L'adoption de ce projet de loi a suscité l'ire de Pékin, qui a condamné une décision "contraire au principe de concurrence". "Si un soi-disant prétexte de sécurité nationale peut être utilisé pour écarter arbitrairement des entreprises performantes d’autres pays, alors il n’y a plus d’équité ni de justice", a lancé Wang Wenbin, porte-parole du ministère chinois des Affaires étrangères.
Pour sa part, le PDG de TikTok, Shou Zi Chew, a appelé les utilisateurs de l'application aux États-Unis à réagir avec force. "Faites-vous entendre", a-t-il écrit sur TikTok et sur X après le vote de la chambre basse du Congrès.
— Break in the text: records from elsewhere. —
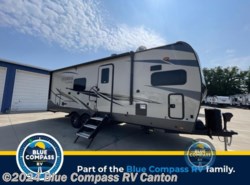  Used 2022 Forest River Rockwood Signature Ultra Lite 8263MBR available in Wills Point, Texas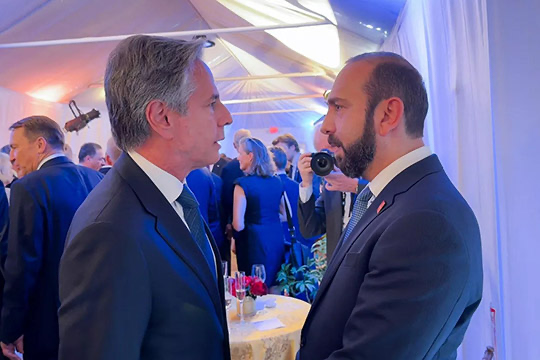 亚美尼亚队强势崛起意图挑战实力 亚美尼亚队强势崛起意图挑战实力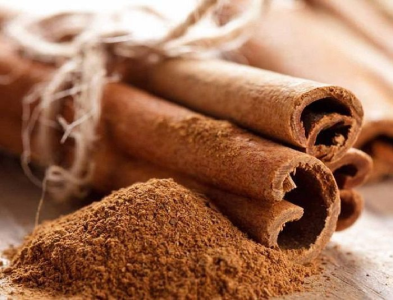 1747388415491.png 1747388415491.png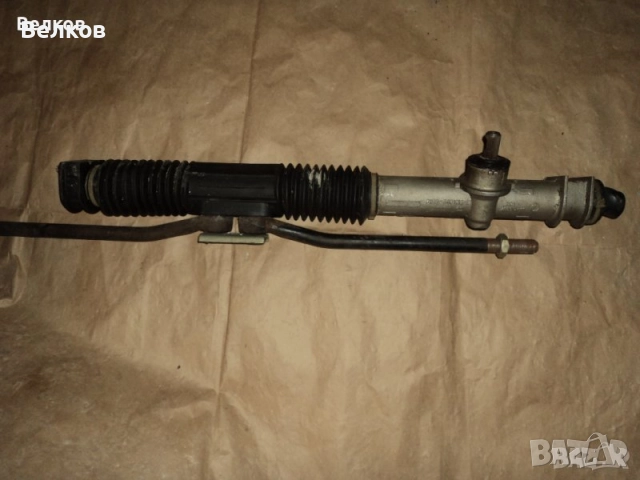 Части за ВАЗ Лада Москвич, снимка 18 - Части - 31120384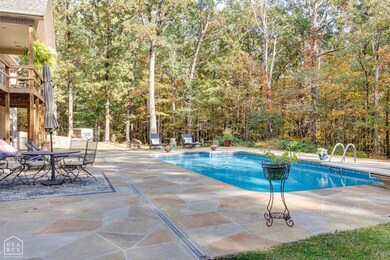 358 County Road 799, Jonesboro, AR 72401 - photo 4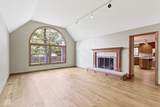 5037 Surrey Lane - Photo 13
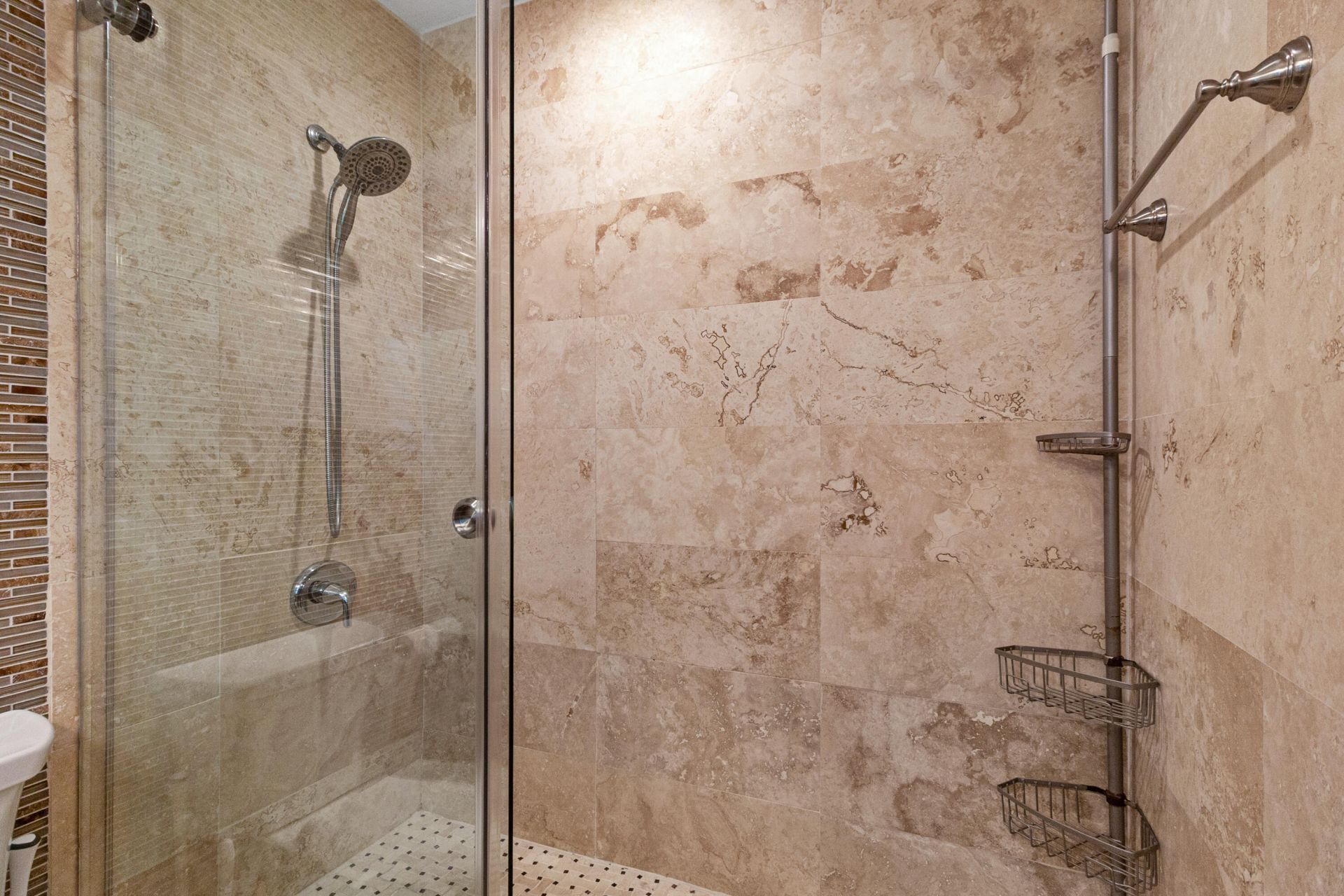 981 SE 10th Court, Pompano Beach, FL 33060 Photo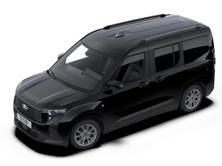 FORD Tourneo Courier 1.0 EcoBoost Titanium Automat, Benzina, Auto nuove, Automatico - 4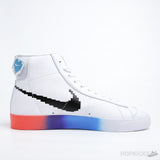 Nike Blazer Mid 77 Have A Good Game (Premium Batch) - Photo 3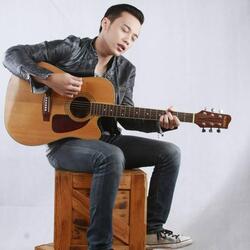 Tulus Cinta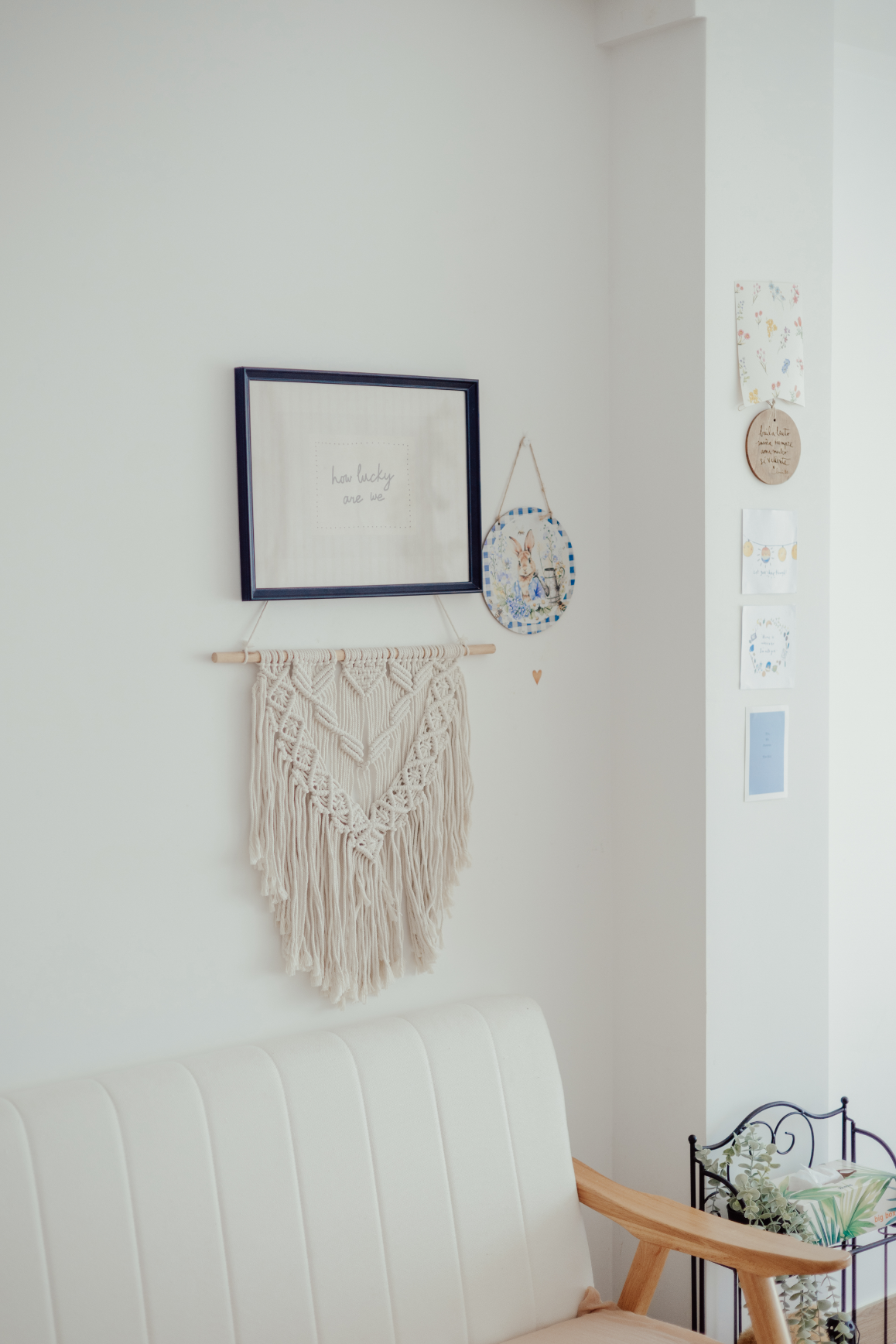 Estudio Fotografía Marbella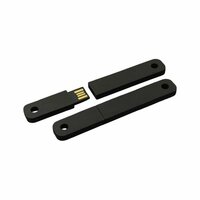 USBStick Abheften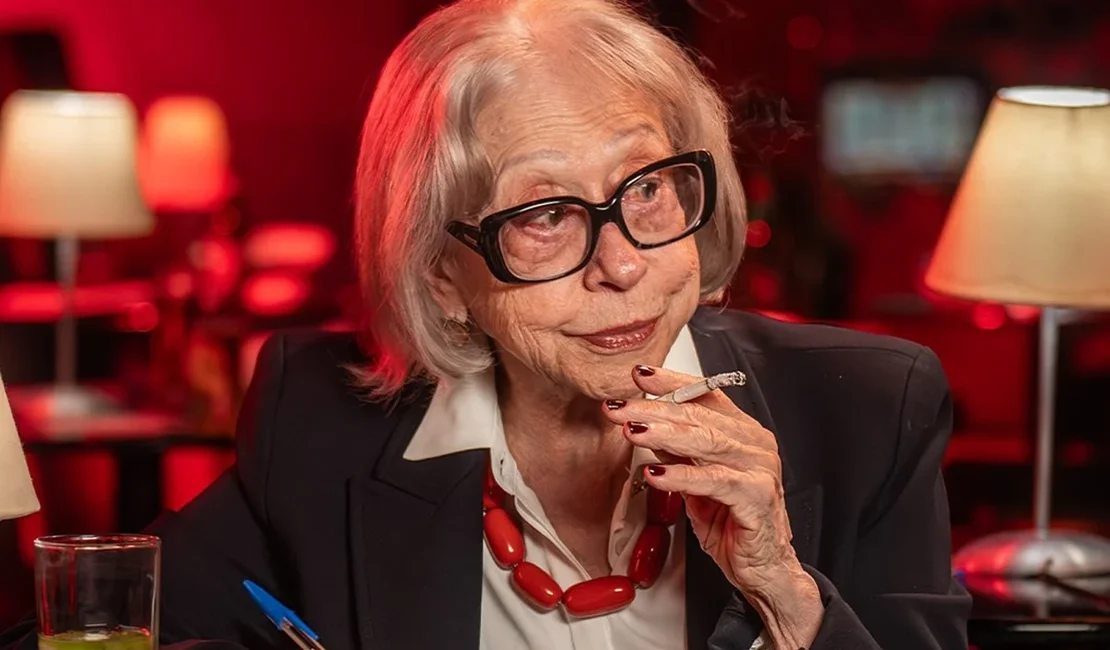 Publicação sobre morte de Fernanda Montenegro revolta internautas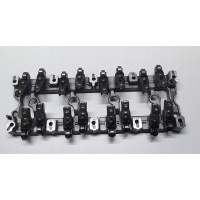 Bk2q - 6k551 - bc - fomoco клавиатура , клавиши - boxer , jumper 2 , 2 hdi - euro 5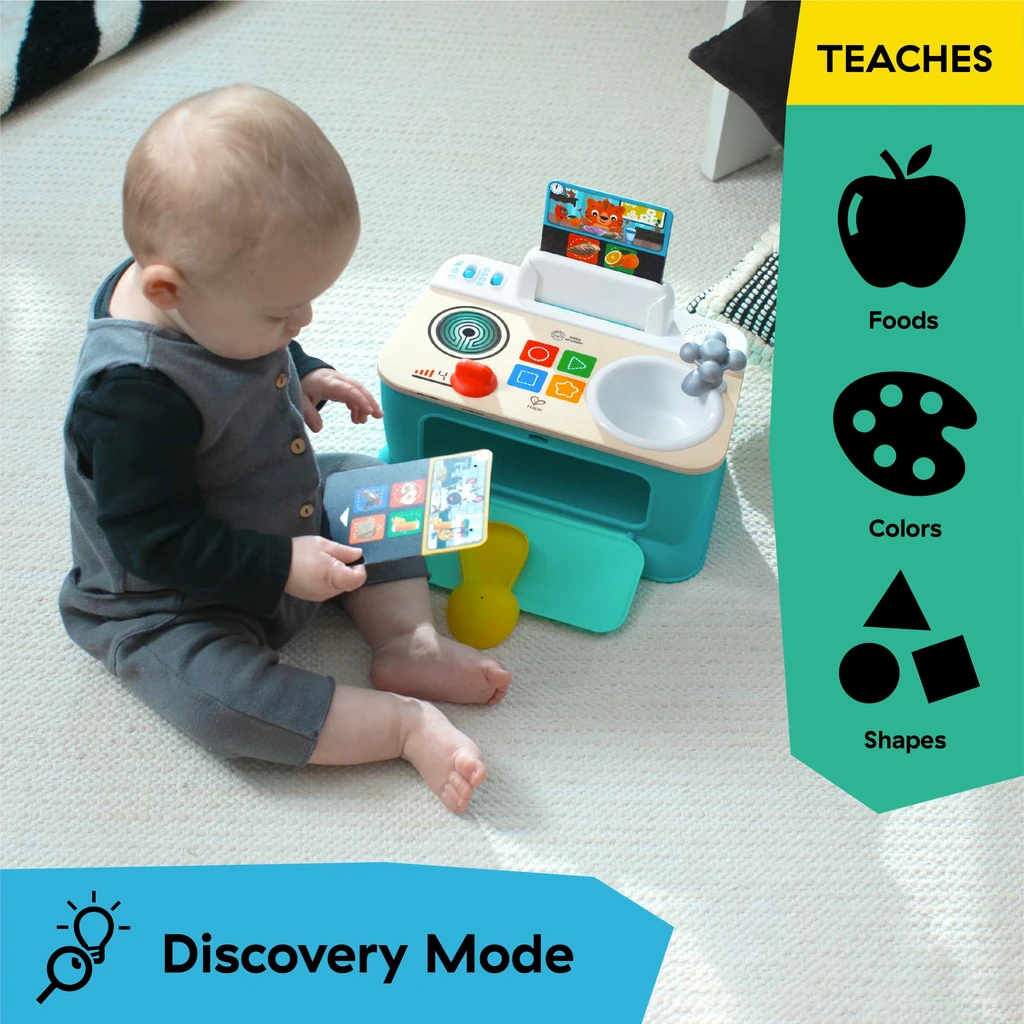 baby-einstein-magic-touch-kitchentm-pretend-to-cook-toy-hape-3.webp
Le réseau social, qui compte 170 millions d'utilisateurs aux Etats-Unis, est depuis plusieurs mois dans le collimateur des autorités américaines et suscite des craintes concernant les menaces qui pèseraient sur la sécurité nationale. Plusieurs Etats ainsi que le gouvernement fédéral ont interdit l’utilisation de l’application sur les appareils officiels du gouvernement, invoquant des risques pour la sécurité nationale.
Le directeur du FBI, Christopher Wray, avait exprimé de graves préoccupations relatives à l’application vidéo chinoise. "Nous avons des préoccupations en matière de sécurité nationale concernant TikTok," avait souligné Wray devant la commission de la sécurité intérieure à la Chambre des représentants.
Wray avait souligné que le gouvernement chinois pourrait utiliser l'application pour contrôler les données ou les logiciels de millions d'utilisateurs, mettant en garde contre l'algorithme de recommandation de la plateforme, qui détermine les vidéos que les utilisateurs verront ensuite.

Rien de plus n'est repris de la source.